• **ASSIGNMENT**
Your response should contain every line from the data below that holds the string "Color".

• **PROVIDED DATA**
================
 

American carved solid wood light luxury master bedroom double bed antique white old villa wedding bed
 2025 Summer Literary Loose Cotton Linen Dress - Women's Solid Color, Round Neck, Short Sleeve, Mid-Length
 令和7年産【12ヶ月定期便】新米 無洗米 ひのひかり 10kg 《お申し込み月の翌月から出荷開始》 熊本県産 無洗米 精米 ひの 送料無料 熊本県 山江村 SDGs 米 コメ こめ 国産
================
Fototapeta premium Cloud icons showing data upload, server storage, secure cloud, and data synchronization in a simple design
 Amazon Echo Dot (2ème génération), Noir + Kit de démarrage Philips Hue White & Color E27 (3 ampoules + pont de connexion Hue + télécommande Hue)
================
• **TASK ANSWER**
 2025 Summer Literary Loose Cotton Linen Dress - Women's Solid Color, Round Neck, Short Sleeve, Mid-Length
 Amazon Echo Dot (2ème génération), Noir + Kit de démarrage Philips Hue White & Color E27 (3 ampoules + pont de connexion Hue + télécommande Hue)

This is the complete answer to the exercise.